Giant, premier fabricant mondial, n’a pas arrêté ces derniers mois, selon la directrice générale Bonnie Tu.

« Nous avons réagi très vite », a déclaré la semaine dernière dans une interview Mme Tu, au sein du nouveau siège du groupe dans la ville de Taichung (ouest).

« Nous avons mobilisé tout le groupe, et notamment les usines et les services de vente (…) pour répondre à la demande. »

Manque de pièces détachées

En Europe comme en Amérique du Nord, les magasins de cycle ont fait état d’une ruée sur les vélos. L’Association britannique des vendeurs de cycles a ainsi fait état de 20 000 vélos commandés et non encore livrés.

« Pour être franc, j’ai vu un peu de tout », déclarait le mois dernier Lincoln Romain, directeur de Brixton Cycles à Londres.

« Il y a des gens qui vont au travail, les nouveaux cyclistes, les gens qui ressortent leur vélo du garage. »

Aux Etats-Unis, les ventes de vélos de course ou de vélos pour aller au travail ont grimpé de 66% en mars par rapport à mars 2019, celles de vélos de loisir de 121%, celles de vélos électriques de 85%, selon le cabinet The NPD Group.

Mme Tu explique qu’aux Etats-Unis et en Europe, la demande a surtout progressé sur l’entrée de gamme, les vélos à 1.000 dollars (887 euros) ou moins.

Si Giant a fait tourner ses usines taïwanaises, nombre de ses ateliers de Chine continentale ont été contraints de fermer temporairement à cause de l’épidémie.

Le groupe a par ailleurs été pénalisé par la difficulté à se procurer les pièces détachées.

« Il faut beaucoup attendre », déplore Mme Tu. « Donc c’est assez dur, mais on s’en sort. »

Renaissance

En Europe, Giant pourra bientôt s’appuyer sur une nouvelle usine qui doit ouvrir en Hongrie et qui doit permettre de réduire la dépendance vis-à-vis des sites chinois tout en rapprochant la production des clients.

Gina Chang, secrétaire générale de l’Association des cycles taïwanais, explique que les fabricants ont initialement pâti au premier trimestre de l’annulation ou du report de nombreuses commandes au moment où l’épidémie a commencé à se propager. Mais les choses se sont depuis améliorées.

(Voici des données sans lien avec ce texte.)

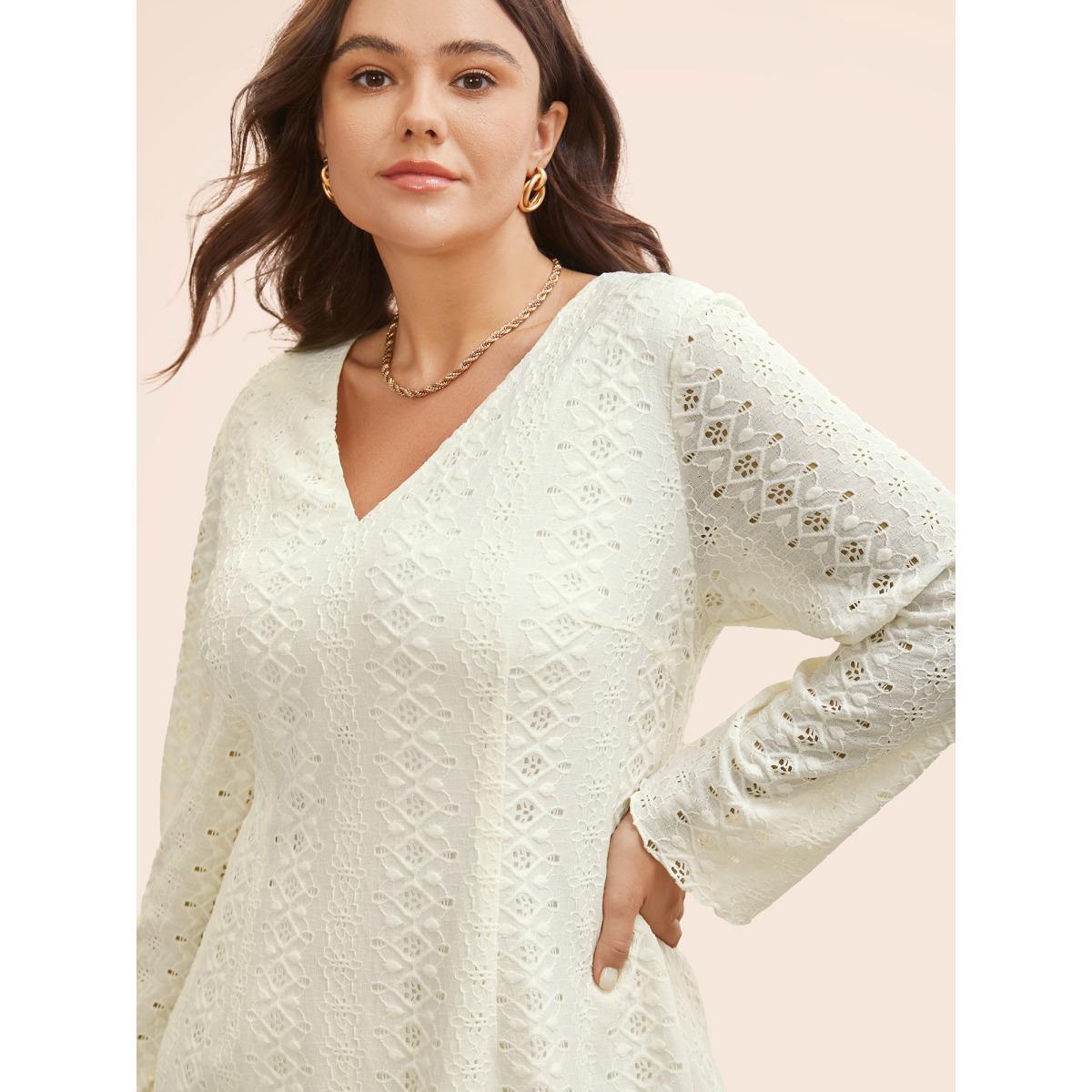 Plus Size Solid V Neck Broderie Anglaise Dress Ivory Women Casual Texture V-neck Extra Long Sleeve Curvy BloomChic 18-20/2X Product Image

« On voit même des achats panique », dit-elle. « Les deux premiers fabricants ont leurs carnets de commandes pleins jusqu’à la fin de l’année. »

La pandémie est donc le nouvel acte d’une renaissance en cours des fabricants de cycle taïwanais.

L’île fut première jusqu’aux années 1990, avant que la Chine n’absorbe, grâce à sa main d’oeuvre bon marché, l’essentiel de cette production.

Mais les choses sont depuis quelque temps en train de changer pour plusieurs raisons comme la demande grandissante en vélos électriques des pays européens ou en cycles haut de gamme. L’an dernier, l’île a bénéficié aussi de l’impact de la guerre commerciale sino-américaine.

L’an dernier, Taïwan a exporté pour 1,36 milliard de dollars de vélos (hors électriques), cibtre 1,5 milliard en 2018.

Mais dans le même temps, l’île a exporté pour 863 millions de dollars de vélos électriques en 2019, contre 377 millions de dollars en 2018. La majorité en direction de l’Europe.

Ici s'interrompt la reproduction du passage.